Journal List > J Adv Prosthodont > v.6(6) > 1054232

Kim, Yun, Um, Lee, Yi, Bae, and Lee: Alveolar ridge preservation of an extraction socket using autogenous tooth bone graft material for implant site development: prospective case series

Abstract

This case series evaluated the clinical efficacy of autogenous tooth bone graft material (AutoBT) in alveolar ridge preservation of an extraction socket. Thirteen patients who received extraction socket graft using AutoBT followed by delayed implant placements from Nov. 2008 to Aug. 2010 were evaluated. A total of fifteen implants were placed. The primary and secondary stability of the placed implants were an average of 58 ISQ and 77.9 ISQ, respectively. The average amount of crestal bone loss around the implant was 0.05 mm during an average of 22.5 months (from 12 to 34 months) of functional loading. Newly formed tissues were evident from the 3-month specimen. Within the limitations of this case, autogenous tooth bone graft material can be a favorable bone substitute for extraction socket graft due to its good bone remodeling and osteoconductivity.

INTRODUCTION

The dimensional change of an alveolar ridge is inevitable over time after tooth extraction. Bone resorption is more rapid in cases of existing periodontal disease, inflammatory periapical lesions, or serious previous bone wall defects after the extraction.1 The soft tissue collapses into the defect hindering normal and natural healing.1,2
Bone resorption after tooth extraction can make the implant placement difficult. It also makes oral hygiene care around the prosthesis difficult. Therefore, various methods were attempted to minimize alveolar bone resorption. Different types of bone substitutes such as demineralized freeze-dried bone allograft (DFDBA), bioglass, and/or hydroxyapatite were used either with resorbable or nonresorbable membrane.

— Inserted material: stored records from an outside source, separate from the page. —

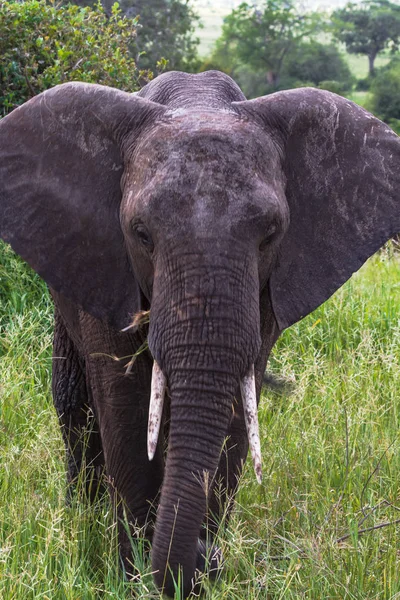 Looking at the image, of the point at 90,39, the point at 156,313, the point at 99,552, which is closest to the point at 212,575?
the point at 99,552

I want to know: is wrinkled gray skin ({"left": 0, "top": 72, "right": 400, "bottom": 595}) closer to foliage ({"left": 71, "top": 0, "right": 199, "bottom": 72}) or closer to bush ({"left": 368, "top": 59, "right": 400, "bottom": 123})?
foliage ({"left": 71, "top": 0, "right": 199, "bottom": 72})

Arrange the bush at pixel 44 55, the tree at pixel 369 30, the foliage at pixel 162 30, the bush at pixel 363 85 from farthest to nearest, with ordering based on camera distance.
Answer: the tree at pixel 369 30
the bush at pixel 363 85
the foliage at pixel 162 30
the bush at pixel 44 55

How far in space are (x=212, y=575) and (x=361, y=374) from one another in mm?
1921

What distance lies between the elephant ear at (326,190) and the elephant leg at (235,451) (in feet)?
0.34

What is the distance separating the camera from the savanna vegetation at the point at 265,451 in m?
2.89

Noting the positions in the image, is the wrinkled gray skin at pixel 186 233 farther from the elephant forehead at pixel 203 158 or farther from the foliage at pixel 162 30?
the foliage at pixel 162 30

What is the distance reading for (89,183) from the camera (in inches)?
→ 123

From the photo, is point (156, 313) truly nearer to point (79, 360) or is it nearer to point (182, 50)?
point (79, 360)

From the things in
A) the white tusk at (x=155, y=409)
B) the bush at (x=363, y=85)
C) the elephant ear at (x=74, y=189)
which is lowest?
the bush at (x=363, y=85)

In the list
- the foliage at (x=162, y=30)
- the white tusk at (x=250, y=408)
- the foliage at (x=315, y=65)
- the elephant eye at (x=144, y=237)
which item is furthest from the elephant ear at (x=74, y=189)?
the foliage at (x=315, y=65)

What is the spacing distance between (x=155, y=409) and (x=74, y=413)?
55.3 inches

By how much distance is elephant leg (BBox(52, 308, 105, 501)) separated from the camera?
4047mm

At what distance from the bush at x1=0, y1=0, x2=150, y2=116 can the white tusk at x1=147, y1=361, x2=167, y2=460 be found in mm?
3431

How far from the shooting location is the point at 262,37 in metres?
39.6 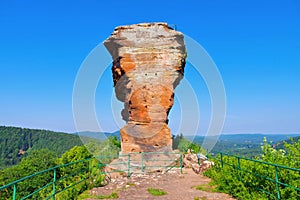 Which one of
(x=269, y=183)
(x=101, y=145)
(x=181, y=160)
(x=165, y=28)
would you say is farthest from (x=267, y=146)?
(x=101, y=145)

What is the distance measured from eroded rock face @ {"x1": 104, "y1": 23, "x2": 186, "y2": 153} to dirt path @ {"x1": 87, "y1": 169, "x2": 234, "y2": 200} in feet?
8.35

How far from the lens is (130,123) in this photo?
13.8 metres

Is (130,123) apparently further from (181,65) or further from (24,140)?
(24,140)

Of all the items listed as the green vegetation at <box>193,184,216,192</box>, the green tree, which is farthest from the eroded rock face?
the green tree

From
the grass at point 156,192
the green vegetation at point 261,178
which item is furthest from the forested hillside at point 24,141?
the green vegetation at point 261,178

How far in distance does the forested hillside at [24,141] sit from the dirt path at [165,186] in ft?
333

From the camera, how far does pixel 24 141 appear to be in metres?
136

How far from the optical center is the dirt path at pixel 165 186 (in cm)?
768

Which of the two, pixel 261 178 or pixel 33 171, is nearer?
pixel 261 178

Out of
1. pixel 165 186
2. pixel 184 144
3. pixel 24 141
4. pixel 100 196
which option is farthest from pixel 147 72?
pixel 24 141

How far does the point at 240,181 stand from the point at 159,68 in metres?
8.23

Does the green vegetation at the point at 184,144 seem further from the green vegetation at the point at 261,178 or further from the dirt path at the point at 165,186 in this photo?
the green vegetation at the point at 261,178

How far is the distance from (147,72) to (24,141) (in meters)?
142

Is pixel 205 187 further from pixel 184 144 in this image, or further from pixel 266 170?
pixel 184 144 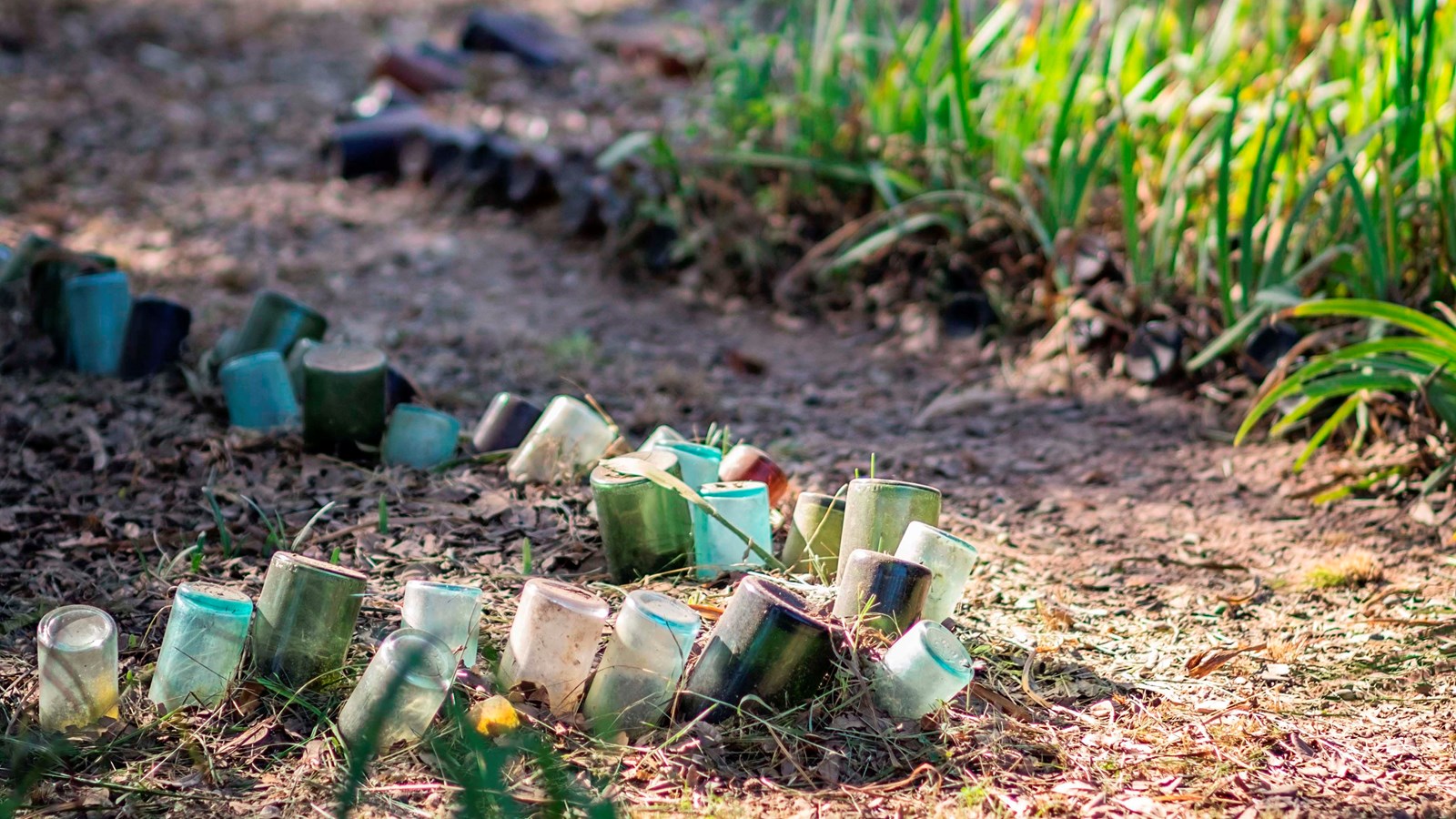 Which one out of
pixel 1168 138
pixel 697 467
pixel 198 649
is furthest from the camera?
pixel 1168 138

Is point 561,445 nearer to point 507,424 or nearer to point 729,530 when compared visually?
point 507,424

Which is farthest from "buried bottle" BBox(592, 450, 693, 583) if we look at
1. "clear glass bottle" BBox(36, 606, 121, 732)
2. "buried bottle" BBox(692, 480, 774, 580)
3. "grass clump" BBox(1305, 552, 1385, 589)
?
"grass clump" BBox(1305, 552, 1385, 589)

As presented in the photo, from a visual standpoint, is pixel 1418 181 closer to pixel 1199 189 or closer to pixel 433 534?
pixel 1199 189

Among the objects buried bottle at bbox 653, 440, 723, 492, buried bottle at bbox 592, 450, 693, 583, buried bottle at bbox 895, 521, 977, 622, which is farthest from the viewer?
buried bottle at bbox 653, 440, 723, 492

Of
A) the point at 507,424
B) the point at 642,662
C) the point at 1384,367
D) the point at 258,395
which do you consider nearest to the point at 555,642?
the point at 642,662

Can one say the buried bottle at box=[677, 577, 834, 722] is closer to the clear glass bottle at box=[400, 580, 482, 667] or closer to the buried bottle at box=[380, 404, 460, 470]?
the clear glass bottle at box=[400, 580, 482, 667]

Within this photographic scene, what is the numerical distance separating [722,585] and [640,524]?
0.16 meters

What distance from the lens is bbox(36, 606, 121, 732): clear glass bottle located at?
142 cm

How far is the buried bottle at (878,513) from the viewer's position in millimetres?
1702

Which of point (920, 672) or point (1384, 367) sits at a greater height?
point (1384, 367)

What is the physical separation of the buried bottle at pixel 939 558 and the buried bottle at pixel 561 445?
693 millimetres

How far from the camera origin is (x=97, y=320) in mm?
2500

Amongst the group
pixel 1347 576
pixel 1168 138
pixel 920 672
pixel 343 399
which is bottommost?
pixel 1347 576

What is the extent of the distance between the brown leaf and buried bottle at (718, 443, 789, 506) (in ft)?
2.25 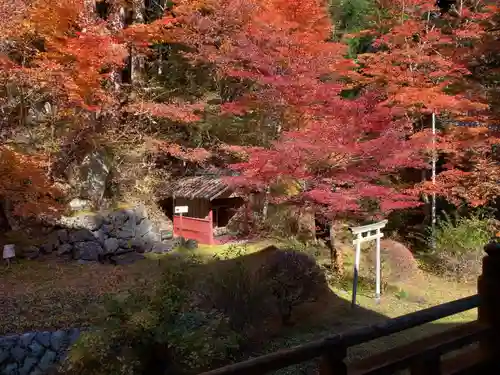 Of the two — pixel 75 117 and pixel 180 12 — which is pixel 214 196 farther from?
pixel 180 12

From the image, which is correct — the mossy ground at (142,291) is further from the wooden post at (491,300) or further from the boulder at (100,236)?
the wooden post at (491,300)

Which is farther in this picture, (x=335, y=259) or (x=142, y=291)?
(x=335, y=259)

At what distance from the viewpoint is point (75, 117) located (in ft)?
53.6

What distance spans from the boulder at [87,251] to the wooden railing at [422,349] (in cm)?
1334

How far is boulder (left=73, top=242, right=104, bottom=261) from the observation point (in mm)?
14728

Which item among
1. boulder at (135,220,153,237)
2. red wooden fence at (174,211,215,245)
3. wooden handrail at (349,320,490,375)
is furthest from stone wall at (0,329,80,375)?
red wooden fence at (174,211,215,245)

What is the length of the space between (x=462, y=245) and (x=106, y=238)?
12529 mm

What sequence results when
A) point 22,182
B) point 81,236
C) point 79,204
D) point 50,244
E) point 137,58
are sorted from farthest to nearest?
point 137,58
point 79,204
point 81,236
point 50,244
point 22,182

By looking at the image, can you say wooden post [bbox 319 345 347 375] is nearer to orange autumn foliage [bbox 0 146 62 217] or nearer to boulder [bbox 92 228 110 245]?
orange autumn foliage [bbox 0 146 62 217]

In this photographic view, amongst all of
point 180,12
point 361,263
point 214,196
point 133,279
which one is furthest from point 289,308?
point 180,12

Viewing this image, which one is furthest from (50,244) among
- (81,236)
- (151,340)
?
(151,340)

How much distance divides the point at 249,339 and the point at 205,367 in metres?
1.57

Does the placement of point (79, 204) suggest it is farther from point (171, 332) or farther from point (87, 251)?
point (171, 332)

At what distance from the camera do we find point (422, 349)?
321 centimetres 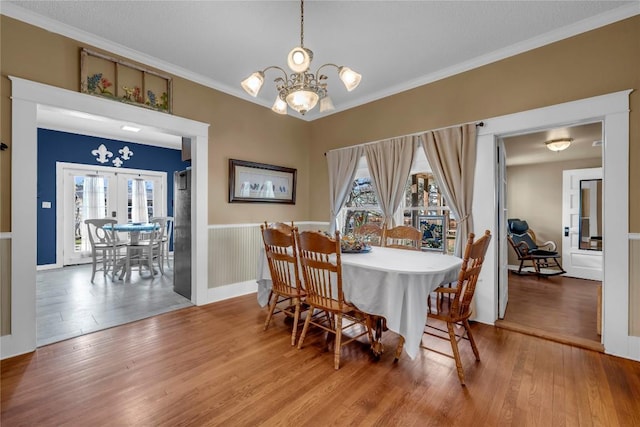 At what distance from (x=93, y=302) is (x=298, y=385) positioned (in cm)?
308

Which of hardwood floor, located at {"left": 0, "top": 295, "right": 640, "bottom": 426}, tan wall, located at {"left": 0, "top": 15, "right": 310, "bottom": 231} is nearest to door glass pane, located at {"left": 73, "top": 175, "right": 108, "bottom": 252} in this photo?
tan wall, located at {"left": 0, "top": 15, "right": 310, "bottom": 231}

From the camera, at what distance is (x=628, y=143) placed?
7.33 ft

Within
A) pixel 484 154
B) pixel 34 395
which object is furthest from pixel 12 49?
pixel 484 154

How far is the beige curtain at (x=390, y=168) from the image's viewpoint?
137 inches

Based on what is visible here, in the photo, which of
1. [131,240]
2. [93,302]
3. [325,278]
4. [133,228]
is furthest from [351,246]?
[131,240]

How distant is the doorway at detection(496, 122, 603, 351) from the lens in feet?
9.44

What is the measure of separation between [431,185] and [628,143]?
67.0 inches

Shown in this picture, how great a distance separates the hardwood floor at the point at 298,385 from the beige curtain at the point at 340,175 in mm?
2120

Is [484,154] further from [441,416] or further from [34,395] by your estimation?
[34,395]

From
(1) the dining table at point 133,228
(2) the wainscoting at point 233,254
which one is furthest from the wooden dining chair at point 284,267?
(1) the dining table at point 133,228

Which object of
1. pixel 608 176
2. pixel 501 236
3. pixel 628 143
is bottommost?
pixel 501 236

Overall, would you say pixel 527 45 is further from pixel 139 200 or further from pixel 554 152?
pixel 139 200

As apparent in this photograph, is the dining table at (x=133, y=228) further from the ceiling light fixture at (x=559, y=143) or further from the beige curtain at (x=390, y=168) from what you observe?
the ceiling light fixture at (x=559, y=143)

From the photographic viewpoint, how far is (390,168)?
3.63m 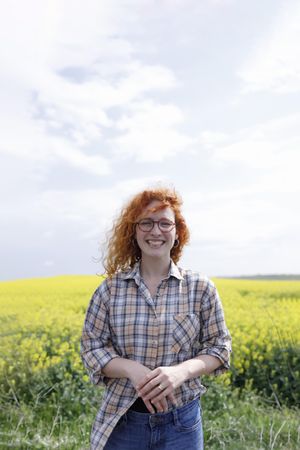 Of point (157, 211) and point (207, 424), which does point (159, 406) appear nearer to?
point (157, 211)

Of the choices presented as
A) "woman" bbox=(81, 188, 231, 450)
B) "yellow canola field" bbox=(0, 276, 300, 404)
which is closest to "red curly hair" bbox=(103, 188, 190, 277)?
"woman" bbox=(81, 188, 231, 450)

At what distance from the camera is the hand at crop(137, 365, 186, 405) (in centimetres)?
191

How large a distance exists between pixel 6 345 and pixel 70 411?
1.44m

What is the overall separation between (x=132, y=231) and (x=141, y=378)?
0.59 m

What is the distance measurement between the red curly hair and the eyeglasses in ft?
0.10

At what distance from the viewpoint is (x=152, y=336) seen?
2.10 meters

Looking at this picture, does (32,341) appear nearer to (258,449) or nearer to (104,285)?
(258,449)

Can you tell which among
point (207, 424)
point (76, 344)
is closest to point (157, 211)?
point (207, 424)

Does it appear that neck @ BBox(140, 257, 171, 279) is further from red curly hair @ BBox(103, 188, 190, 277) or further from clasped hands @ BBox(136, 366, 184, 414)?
clasped hands @ BBox(136, 366, 184, 414)

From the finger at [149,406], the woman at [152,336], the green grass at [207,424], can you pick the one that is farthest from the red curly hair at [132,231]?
the green grass at [207,424]

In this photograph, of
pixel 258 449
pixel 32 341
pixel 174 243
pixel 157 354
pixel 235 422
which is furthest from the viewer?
pixel 32 341

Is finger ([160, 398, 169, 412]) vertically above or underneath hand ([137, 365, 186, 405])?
underneath

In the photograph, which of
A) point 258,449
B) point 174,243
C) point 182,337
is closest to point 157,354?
point 182,337

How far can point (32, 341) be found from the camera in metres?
5.70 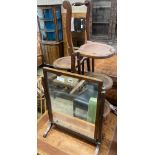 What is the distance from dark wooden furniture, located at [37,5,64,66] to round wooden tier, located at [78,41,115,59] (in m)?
2.53

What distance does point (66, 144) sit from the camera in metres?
1.40

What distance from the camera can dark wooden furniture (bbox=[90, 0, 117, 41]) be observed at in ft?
9.70

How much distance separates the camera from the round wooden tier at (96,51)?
116 cm

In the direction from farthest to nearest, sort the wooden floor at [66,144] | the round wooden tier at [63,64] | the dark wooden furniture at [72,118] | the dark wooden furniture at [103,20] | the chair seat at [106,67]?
the dark wooden furniture at [103,20]
the chair seat at [106,67]
the round wooden tier at [63,64]
the wooden floor at [66,144]
the dark wooden furniture at [72,118]

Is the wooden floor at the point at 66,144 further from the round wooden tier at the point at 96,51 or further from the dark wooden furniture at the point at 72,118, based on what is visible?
the round wooden tier at the point at 96,51

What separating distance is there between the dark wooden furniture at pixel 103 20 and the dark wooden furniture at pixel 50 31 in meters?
0.91

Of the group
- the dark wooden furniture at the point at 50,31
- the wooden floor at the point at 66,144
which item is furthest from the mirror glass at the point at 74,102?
the dark wooden furniture at the point at 50,31

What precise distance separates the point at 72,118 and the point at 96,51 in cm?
61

And the reported cases showed the reduced alveolar bone resorption.3,4,5,6,7
Here, a ridge preservation using the recently developed autogenous tooth bone graft material (AutoBT, Korea Tooth Bank, Seoul, Korea) at an extraction socket with osseous defects was performed for an implant site development. AutoBT is made from patient's own extracted non-restorable tooth or third molars. The processed AutoBT is grafted back to the same patient when bone substitue is necessary in procedures such as guided bone regeneration for implant site development. Previous studies demonstrated favorable clinical results with osteoconductive and osteoinductive potentials.8,9,10 We clinically and histologically evaluated cases wherein implant had been placed successfully after a certain healing period.

MATERIALS AND METHODS

This prospective case series was conducted after obtaining an approval from the Seoul National University Bundang Hospital Institutional Review Board (No.: B-0905/076-010). Each patient received sufficient explanations regarding study purpose, AutoBT fabrication process, treatment procedure, histological evaluation, and possible complications. The surgery was performed once the patient signed the informed consent.
This study was conducted to evaluate the patients who had received AutoBT grafting at an extraction socket for delayed implant placement from November 2008 to August 2010. A total of thirteen patients were recruited. Ten patients were men and three were women with an average age of 54 (from 44 years old to 66 years old). Although five patients had hypertension and diabetes mellitus, they were receiving adequate medical treatment and were well controlled.
The inclusion criteria were as below:
  1. Extraction cases of single premolar or molar

  2. Osseous destruction after tooth extraction

  3. When the residual bone height is less than 4 mm to the sinus floor or inferior alveolar canal after tooth extraction

  4. Patients who are healthy overall or who have controlled systemic disease (ASA I or II)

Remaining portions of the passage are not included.